▸ Exercise prompt: In full and without alteration, write out the data below.

▸ Supplied material:

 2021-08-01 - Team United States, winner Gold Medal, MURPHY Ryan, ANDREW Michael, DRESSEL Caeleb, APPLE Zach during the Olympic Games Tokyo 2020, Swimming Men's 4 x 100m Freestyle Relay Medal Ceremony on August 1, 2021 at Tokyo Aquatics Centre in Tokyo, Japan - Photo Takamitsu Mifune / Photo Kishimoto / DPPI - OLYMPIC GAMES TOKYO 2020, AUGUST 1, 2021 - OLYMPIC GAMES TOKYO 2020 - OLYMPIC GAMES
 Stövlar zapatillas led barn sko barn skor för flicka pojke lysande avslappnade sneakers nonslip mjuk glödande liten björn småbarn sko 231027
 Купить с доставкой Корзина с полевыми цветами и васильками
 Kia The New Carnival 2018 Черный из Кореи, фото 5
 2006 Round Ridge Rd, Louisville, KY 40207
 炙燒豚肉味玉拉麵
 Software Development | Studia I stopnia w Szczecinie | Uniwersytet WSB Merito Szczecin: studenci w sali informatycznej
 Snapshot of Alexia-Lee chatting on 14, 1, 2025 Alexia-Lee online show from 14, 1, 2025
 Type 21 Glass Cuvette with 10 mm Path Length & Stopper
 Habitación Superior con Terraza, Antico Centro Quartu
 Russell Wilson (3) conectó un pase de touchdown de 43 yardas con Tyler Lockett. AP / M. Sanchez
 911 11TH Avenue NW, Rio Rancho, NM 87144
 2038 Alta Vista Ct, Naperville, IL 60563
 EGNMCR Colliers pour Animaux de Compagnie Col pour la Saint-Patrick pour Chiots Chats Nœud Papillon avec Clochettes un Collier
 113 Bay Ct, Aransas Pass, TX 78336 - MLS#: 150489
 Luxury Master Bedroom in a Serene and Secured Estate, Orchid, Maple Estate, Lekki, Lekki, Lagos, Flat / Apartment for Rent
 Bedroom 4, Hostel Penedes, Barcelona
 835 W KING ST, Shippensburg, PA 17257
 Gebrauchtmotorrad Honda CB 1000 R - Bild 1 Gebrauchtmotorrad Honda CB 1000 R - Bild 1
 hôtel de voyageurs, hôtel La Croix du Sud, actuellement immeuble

▸ Answer space:
 2021-08-01 - Team United States, winner Gold Medal, MURPHY Ryan, ANDREW Michael, DRESSEL Caeleb, APPLE Zach during the Olympic Games Tokyo 2020, Swimming Men's 4 x 100m Freestyle Relay Medal Ceremony on August 1, 2021 at Tokyo Aquatics Centre in Tokyo, Japan - Photo Takamitsu Mifune / Photo Kishimoto / DPPI - OLYMPIC GAMES TOKYO 2020, AUGUST 1, 2021 - OLYMPIC GAMES TOKYO 2020 - OLYMPIC GAMES
 Stövlar zapatillas led barn sko barn skor för flicka pojke lysande avslappnade sneakers nonslip mjuk glödande liten björn småbarn sko 231027
 Купить с доставкой Корзина с полевыми цветами и васильками
 Kia The New Carnival 2018 Черный из Кореи, фото 5
 2006 Round Ridge Rd, Louisville, KY 40207
 炙燒豚肉味玉拉麵
 Software Development | Studia I stopnia w Szczecinie | Uniwersytet WSB Merito Szczecin: studenci w sali informatycznej
 Snapshot of Alexia-Lee chatting on 14, 1, 2025 Alexia-Lee online show from 14, 1, 2025
 Type 21 Glass Cuvette with 10 mm Path Length & Stopper
 Habitación Superior con Terraza, Antico Centro Quartu
 Russell Wilson (3) conectó un pase de touchdown de 43 yardas con Tyler Lockett. AP / M. Sanchez
 911 11TH Avenue NW, Rio Rancho, NM 87144
 2038 Alta Vista Ct, Naperville, IL 60563
 EGNMCR Colliers pour Animaux de Compagnie Col pour la Saint-Patrick pour Chiots Chats Nœud Papillon avec Clochettes un Collier
 113 Bay Ct, Aransas Pass, TX 78336 - MLS#: 150489
 Luxury Master Bedroom in a Serene and Secured Estate, Orchid, Maple Estate, Lekki, Lekki, Lagos, Flat / Apartment for Rent
 Bedroom 4, Hostel Penedes, Barcelona
 835 W KING ST, Shippensburg, PA 17257
 Gebrauchtmotorrad Honda CB 1000 R - Bild 1 Gebrauchtmotorrad Honda CB 1000 R - Bild 1
 hôtel de voyageurs, hôtel La Croix du Sud, actuellement immeuble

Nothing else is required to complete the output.